Tensor Networks for Efficient Image Rendering

Efficient and realistic image rendering (IR) has long been a focus of research. Machine learning (ML) techniques for IR have enabled the creation of complex and photorealistic images. Despite recent advances, these techniques are often slow and memory-intensive, limiting their practical use.

This Ph.D. proposal aims to explore the potential of quantum-inspired tensor network (TN) methods for IR tasks, with the goal of reducing memory and computational costs. TNs are versatile and powerful scientific simulation tools that have been successful in simulating strongly correlated quantum many-body systems and quantum circuits. TNs have also been used to compress deep neural networks, leading to significant memory savings in ML applications. However, TNs have not been utilized as extensively as neural networks in ML, and the development of tools and techniques for training them has been limited.

This project will develop novel algorithms and techniques that leverage TNs’ full capabilities in an ML and IR setting to achieve real-time or animated 3D IR at high precision. The project will identify promising TN embeddings for images and scenes, and develop efficient learning algorithms for constructing them. Specific projects include exploring discrete vs. continuous TN embeddings, upsampling methods, and incorporating TNs into normalizing flows and diffusion models to improve representational power and inference time.

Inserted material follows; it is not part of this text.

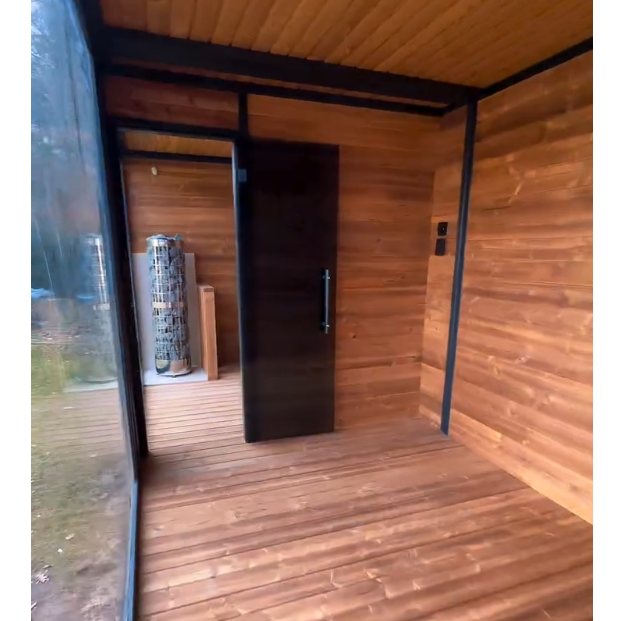 Commercial Grade Outdoor Wooden Sauna Suite 10-Person Capacity for Hotel Resort Spa Buyer reference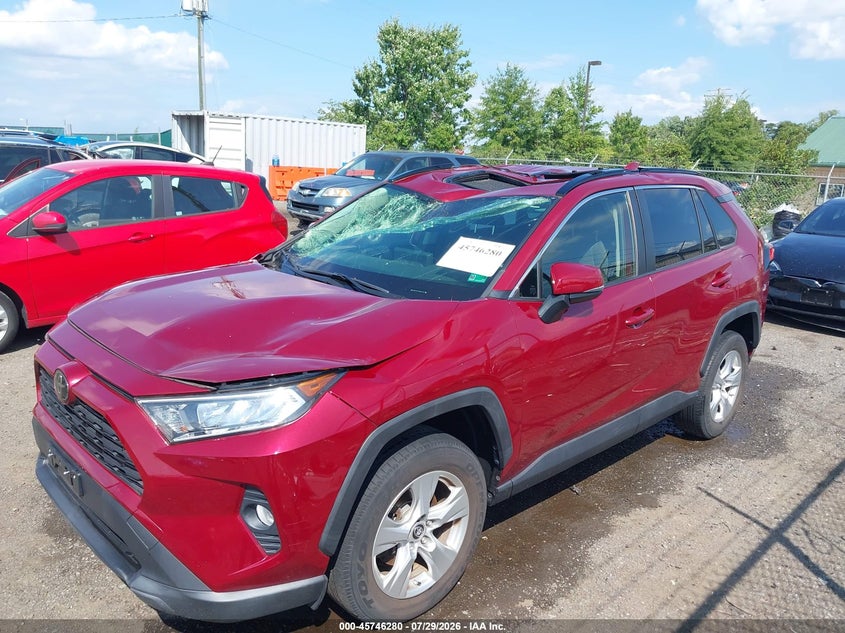 Vin: jtmp1rfv9kd021153, lot: 46244984, toyota rav4 xle 20192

This project has the potential to significantly contribute to the fields of ML, IR, quantum computation, and life sciences, which heavily rely on the analysis of large datasets. By developing efficient IR techniques, this project aims to make IR more practical and accessible, benefiting fields such as medical imaging, gaming, virtual and augmented reality, and robotics. Additionally, TN methods have the potential to significantly reduce the carbon footprint of ML applications by developing more efficient algorithms that can process large datasets with fewer computational resources. This will not only benefit the environment but also democratize ML by making it more accessible to a wider range of individuals. In addition, the use of TNs allows for better explainability compared to deep learning models. Lastly, this project will contribute to the collaboration between the quantum and ML communities and also help map out the landscape where TN algorithms provide an advantage, paving the way for future advancements in quantum-native algorithms.